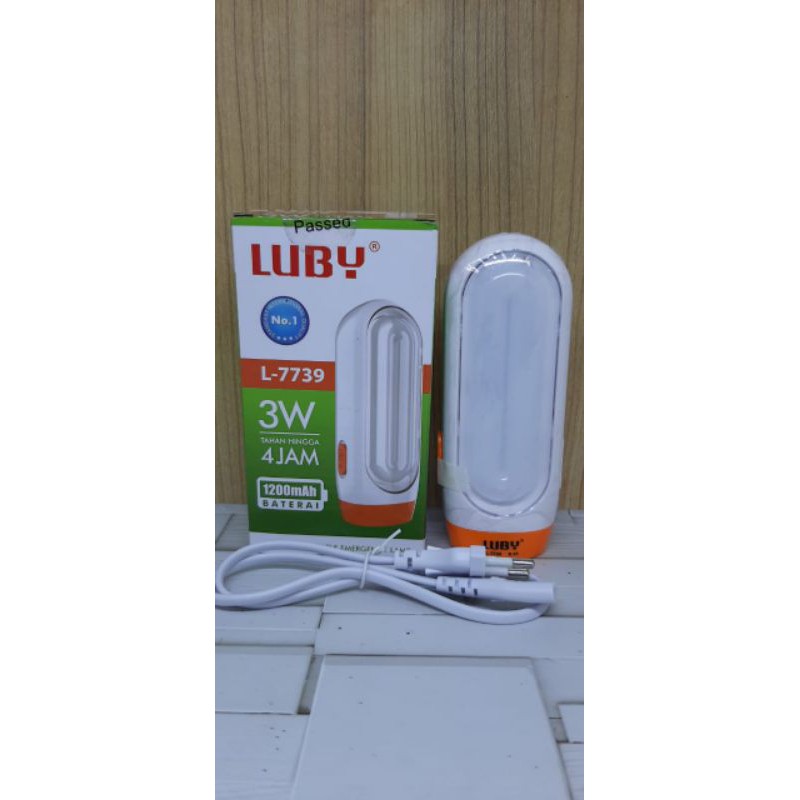 LAMPU DARURAT EMERGENCY LUBY 3 WATT L-7739 ORIGINAL ASLI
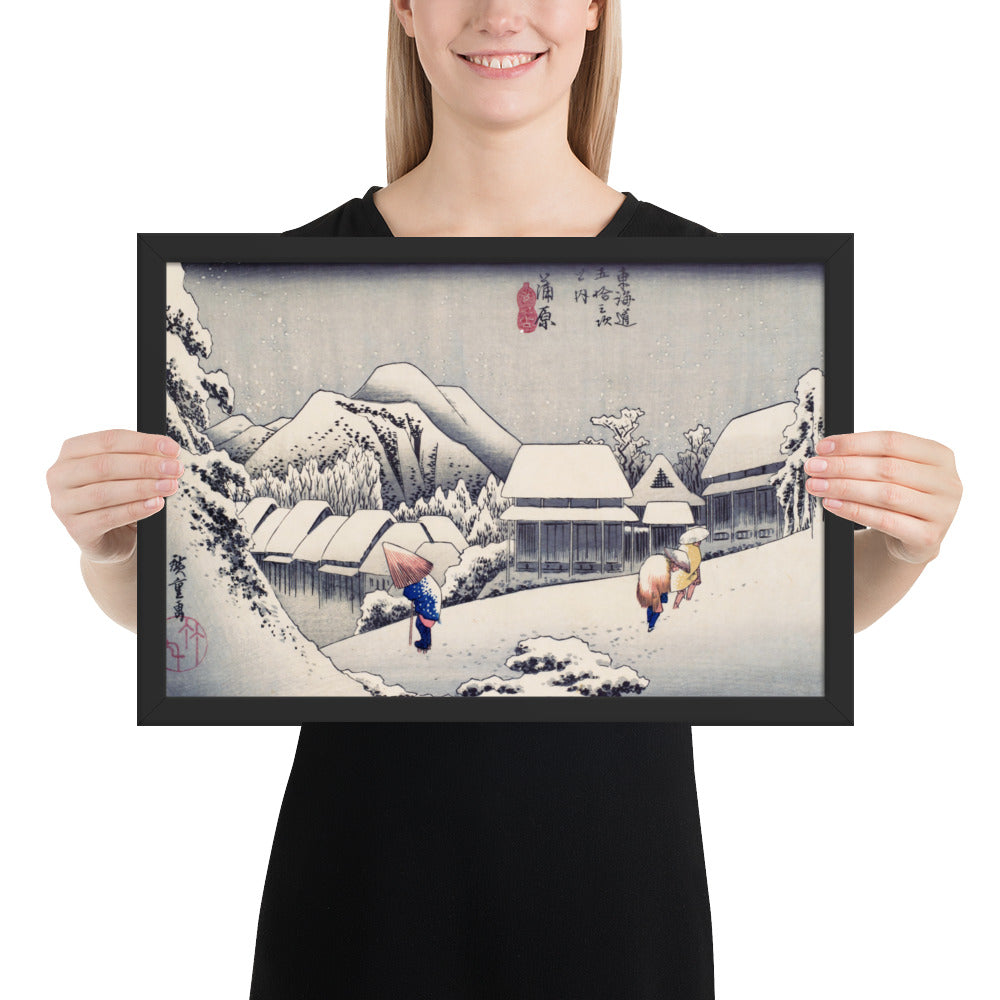 Evening Snow at Kanbara by Utagawa Hiroshige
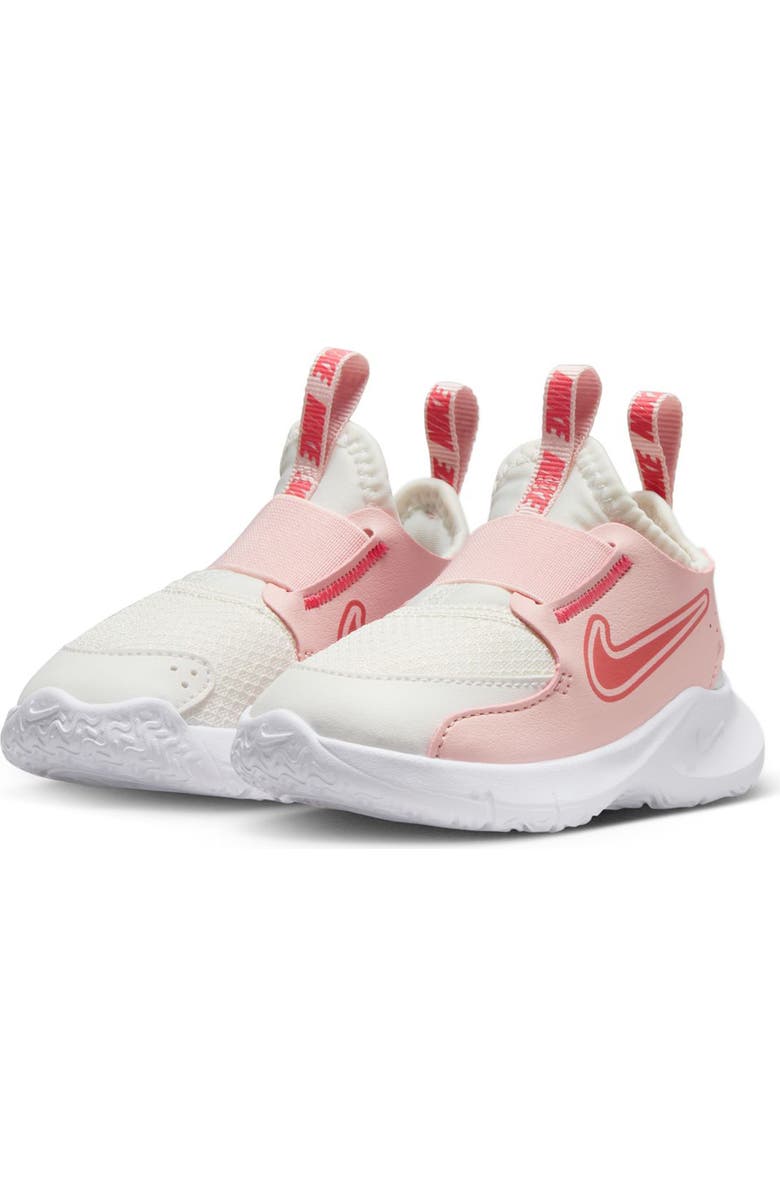 Nike Flex Runner 3 Slip-On Shoe, Main, color, Summit White/ Magic Ember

§ **What needs to be done**:
Transcribe exactly the span of lines from the line holding "Evening Snow at Kanbara by Utagawa Hiroshige" through the last line above, both included. Pictures stay out.

§ **Exercise result**:
 Evening Snow at Kanbara by Utagawa Hiroshige
 Nike Flex Runner 3 Slip-On Shoe, Main, color, Summit White/ Magic Ember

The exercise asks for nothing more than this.